The signs were all around and the outcome of the Church survey on Sunday Mass attendance came as no surprise. Just under 37 per cent of the Catholic population attends Mass on Sunday. So much for Catholic Malta, its festas and the fireworks.

The decline in Sunday Mass attendance, ongoing for years, is expected to reach a mere 10 per cent by 2040. A sad prospect for an institution that still dominates the skyline in the same way it once dominated the lives of the faithful for centuries. But no more.

That young people are staying away in droves appears to seal the fate for the Church. But the trend may not be irreversible; it is just very hard to combat. The headlines all point in the wrong direction. Marriage separations are outnumbering Church marriages. More students are opting out of religion classes in schools. People are finding out they can do without a Church. The logic does not work the other way around. The Church is the people and their faith.

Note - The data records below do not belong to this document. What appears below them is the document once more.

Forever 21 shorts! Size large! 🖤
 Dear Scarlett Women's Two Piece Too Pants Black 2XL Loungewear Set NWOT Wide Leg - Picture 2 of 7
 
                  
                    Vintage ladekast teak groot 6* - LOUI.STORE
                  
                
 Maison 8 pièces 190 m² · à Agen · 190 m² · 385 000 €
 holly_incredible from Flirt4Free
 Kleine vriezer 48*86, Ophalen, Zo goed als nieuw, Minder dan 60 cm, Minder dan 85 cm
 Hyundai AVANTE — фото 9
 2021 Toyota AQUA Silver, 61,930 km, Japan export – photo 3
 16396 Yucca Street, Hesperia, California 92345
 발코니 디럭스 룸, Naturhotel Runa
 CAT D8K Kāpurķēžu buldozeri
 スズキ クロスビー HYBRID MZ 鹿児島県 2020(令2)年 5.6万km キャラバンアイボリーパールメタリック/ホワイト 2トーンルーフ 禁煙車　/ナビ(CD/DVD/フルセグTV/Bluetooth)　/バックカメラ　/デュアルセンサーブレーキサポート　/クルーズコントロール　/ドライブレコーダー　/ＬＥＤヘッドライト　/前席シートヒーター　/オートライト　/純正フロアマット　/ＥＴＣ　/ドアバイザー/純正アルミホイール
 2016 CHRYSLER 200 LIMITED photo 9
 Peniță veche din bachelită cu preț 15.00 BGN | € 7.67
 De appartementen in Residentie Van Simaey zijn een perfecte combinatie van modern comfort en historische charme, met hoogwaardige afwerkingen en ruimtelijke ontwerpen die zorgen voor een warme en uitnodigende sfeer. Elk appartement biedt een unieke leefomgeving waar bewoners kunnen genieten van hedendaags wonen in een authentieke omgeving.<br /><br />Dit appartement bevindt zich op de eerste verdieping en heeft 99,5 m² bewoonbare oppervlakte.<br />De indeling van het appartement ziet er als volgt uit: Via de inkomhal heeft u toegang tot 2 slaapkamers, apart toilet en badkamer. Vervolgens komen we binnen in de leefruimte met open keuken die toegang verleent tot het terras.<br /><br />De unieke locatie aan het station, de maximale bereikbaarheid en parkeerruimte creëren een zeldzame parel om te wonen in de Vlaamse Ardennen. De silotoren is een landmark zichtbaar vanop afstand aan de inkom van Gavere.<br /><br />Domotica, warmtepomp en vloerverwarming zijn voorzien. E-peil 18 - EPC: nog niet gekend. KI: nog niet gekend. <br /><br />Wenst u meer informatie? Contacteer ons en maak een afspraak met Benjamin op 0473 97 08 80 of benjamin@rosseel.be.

Strangely, it is not religion that is going out of fashion but the institution itself, or what it does. A Misco study about a year ago, found that 92 per cent of respondents claimed to follow the Catholic religion but they certainly do not do so from the pews. They can do without the Sunday sermons but do not discard the religion.

Rituals do flow spontaneously from faith but when they feel meaningless, the faithful look elsewhere. If symbols and rituals are to be meaningful, they cannot be imposed but experienced. Otherwise, they lose all meaning, and with them the Church. The very carnival that ended this week is intrinsically linked to Church heritage – the start of Lent – but has lost meaning.

Christianity gives supernatural value to the rhythms and daily events of individual existence. If people do not get that in church on Sunday they will not go. They are interested in finding meaning to the sometimes senseless world they leave outside. Sacraments are manifestations of the unseen and the divine. If people do not see that from the pews, there is something intrinsically wrong.

The issue has nothing to do with impressive sermons on Sunday mornings, or with liturgy or music or grand architecture. They all help but can be found elsewhere and with more convenience. The search of the faithful is for meaning for everything around them. And if the Church is seen to have lost that, it has effectively lost everything.

Getting people back to fill the pews is not an easy feat. Apart from the spiritual aspects and the feeling of community that Mass evokes, it is primarily a celebration. People get out of it what they themselves put into it. At Mass they receive God in two ways, the liturgy of the Word and the Eucharist. It is not entertainment, there is much of that around.

Reviving Sunday Mass is not improving the entertainment aspect or the convenience. Mass has meaning to people of faith. Strengthening the faith will strengthen the Mass. The pews are filled by believers, not a passive audience of onlookers. The Church has a tough challenge ahead.

Sunday Mass is not a tradition, or a habit. It is an act of faith.